__Stored data__.
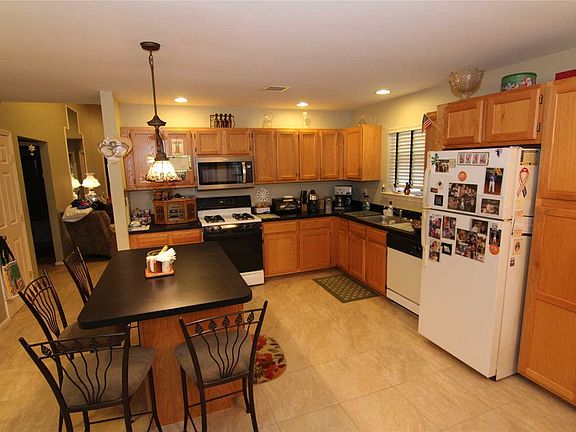 5th image of 2 Orange Tree Ct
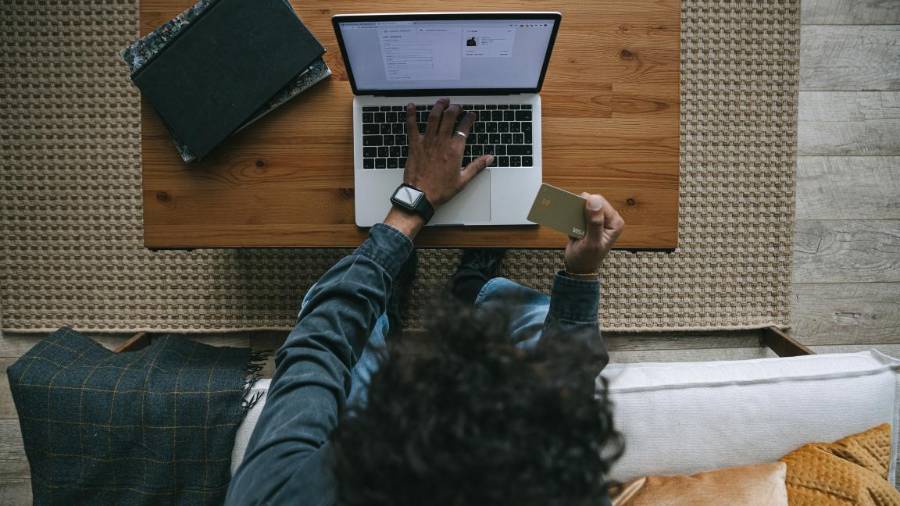 La SSC llamó a verificar tiendas en línea y evitar pagos en plataformas no confiables ante el aumento de fraudes por el 14 de febrero.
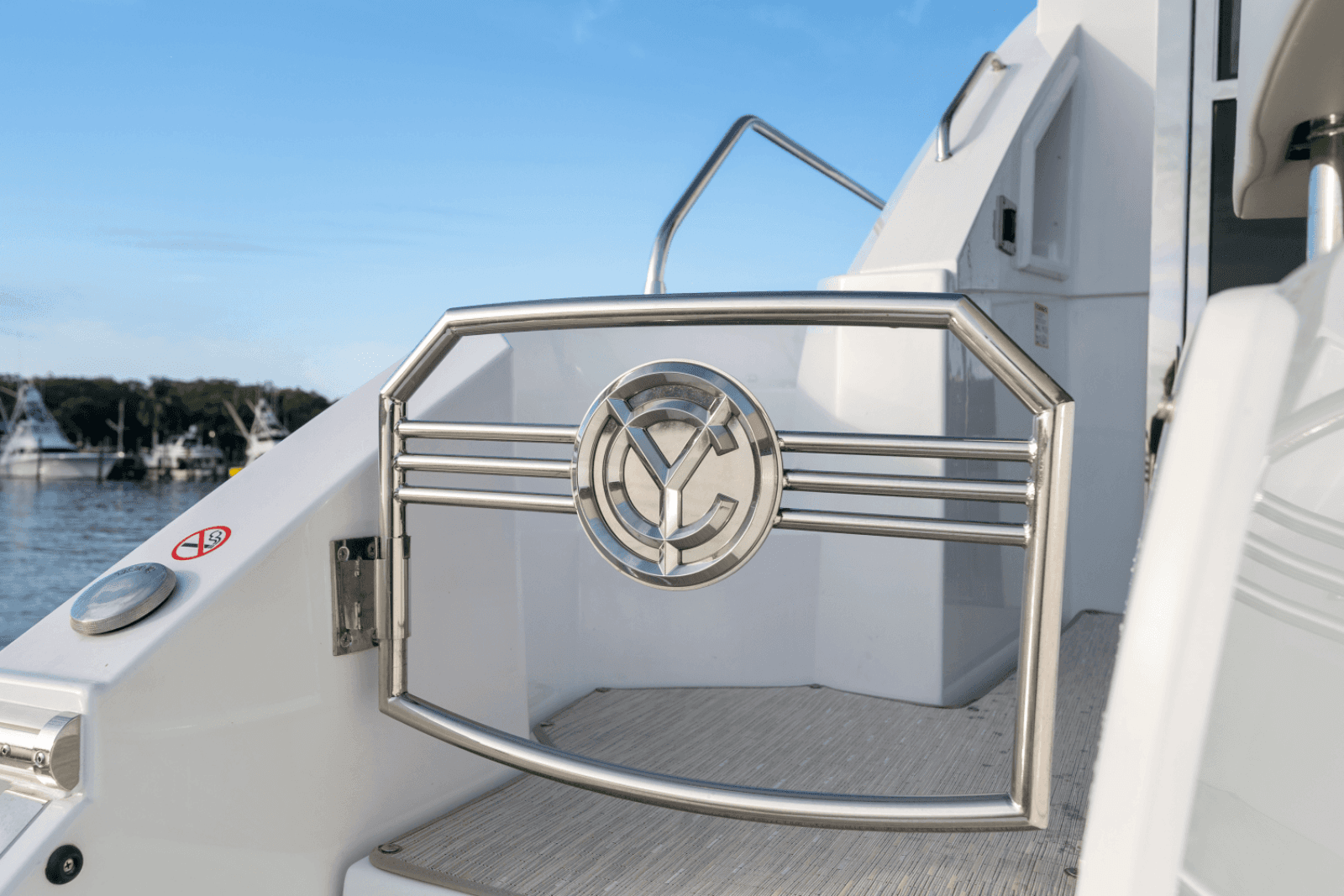 2025 Cruisers Yachts 50 Cantius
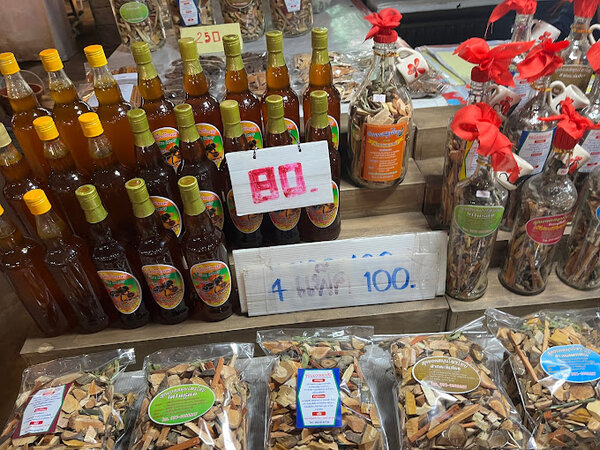 ตลาดบ้านทา ร้านน้ำผึ้ง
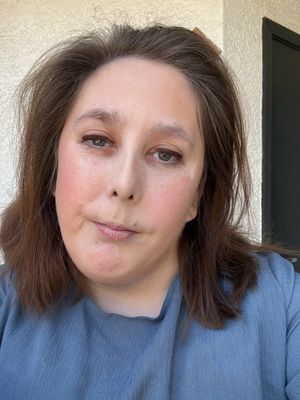 Abby, 28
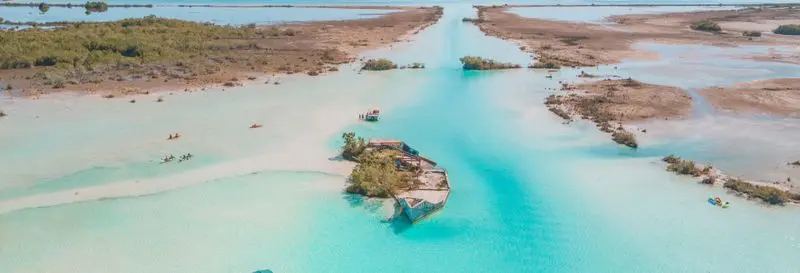 Balade en bateau à moteur dans la lagune Bacalar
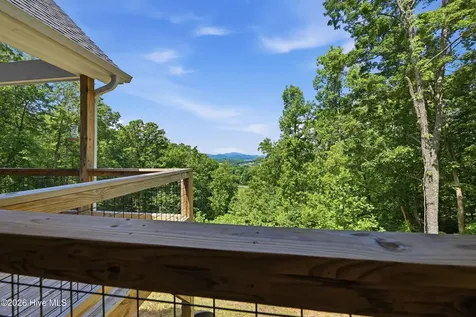 154 Blueberry Hill Hayesville NC 28904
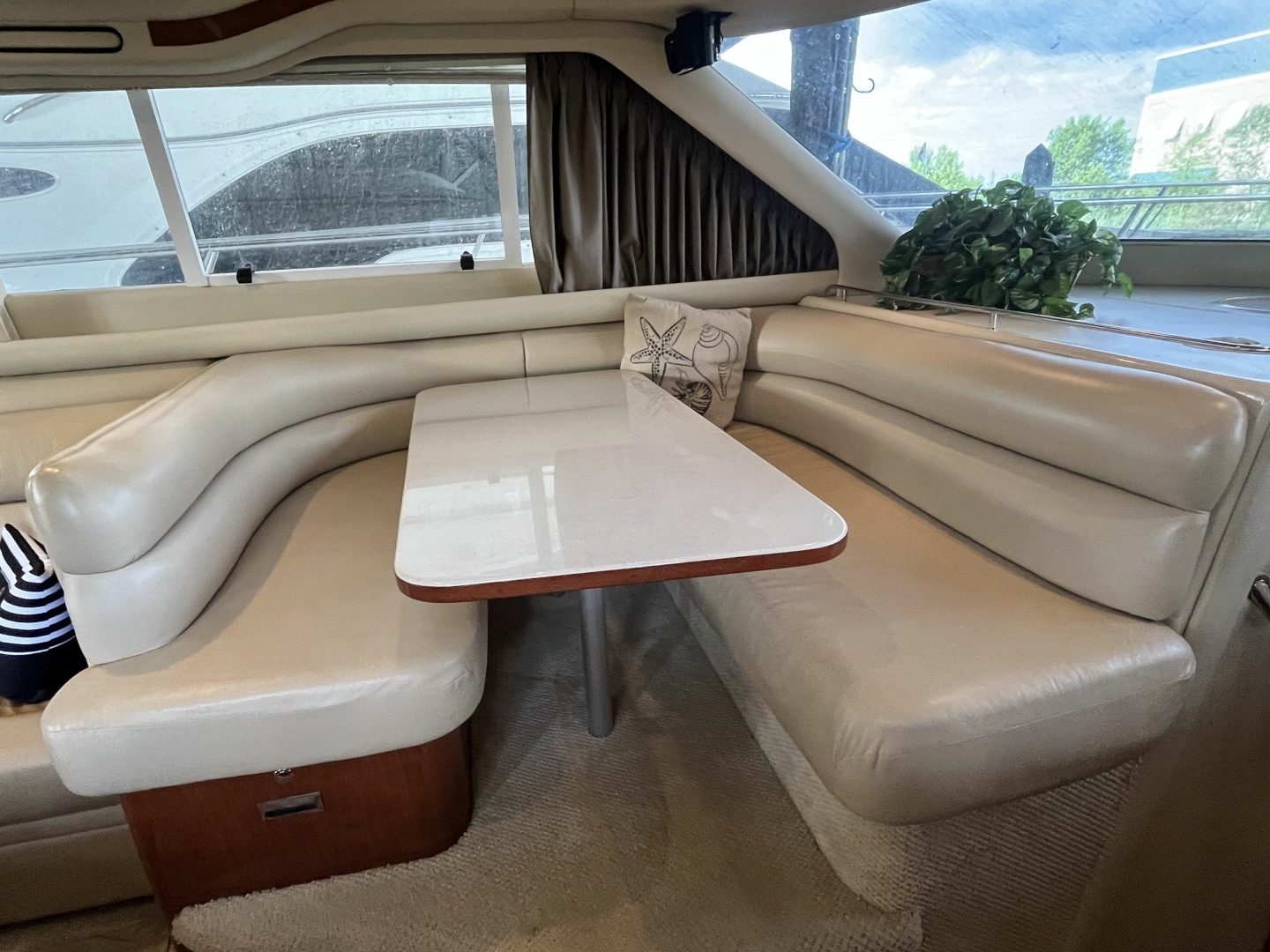2003 Sea Ray 480 Sedan Bridge - Image 31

__Exercise__. All lines from the one containing "La SSC llamó" to the last line of the data above, both included, should be printed exactly, and the pictures should not appear.

__Result of this task__.
 La SSC llamó a verificar tiendas en línea y evitar pagos en plataformas no confiables ante el aumento de fraudes por el 14 de febrero.
 2025 Cruisers Yachts 50 Cantius
 ตลาดบ้านทา ร้านน้ำผึ้ง
 Abby, 28
 Balade en bateau à moteur dans la lagune Bacalar
 154 Blueberry Hill Hayesville NC 28904
2003 Sea Ray 480 Sedan Bridge - Image 31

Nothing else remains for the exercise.